##### DATASET EXCERPT #####

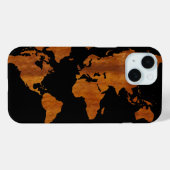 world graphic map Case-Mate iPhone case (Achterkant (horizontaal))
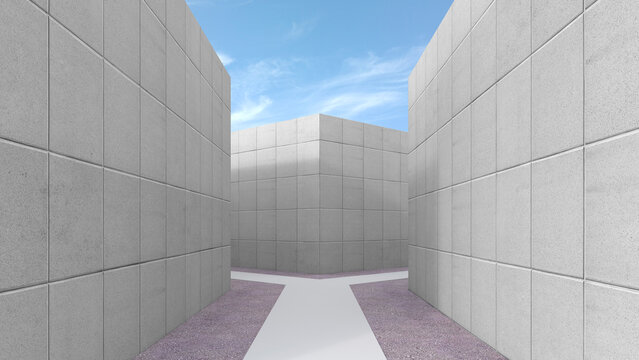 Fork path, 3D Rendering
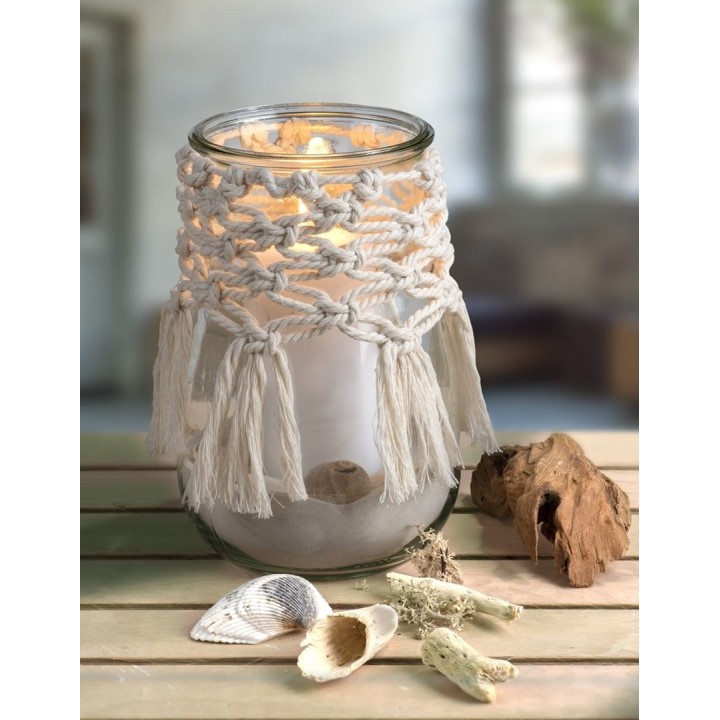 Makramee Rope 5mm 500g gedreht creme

#####

▶ TASK ITEM: A verbatim transcript of the material above, with images dropped, is the expected output.

▶ WRITTEN ANSWER:
 world graphic map Case-Mate iPhone case (Achterkant (horizontaal))
 Fork path, 3D Rendering
 Makramee Rope 5mm 500g gedreht creme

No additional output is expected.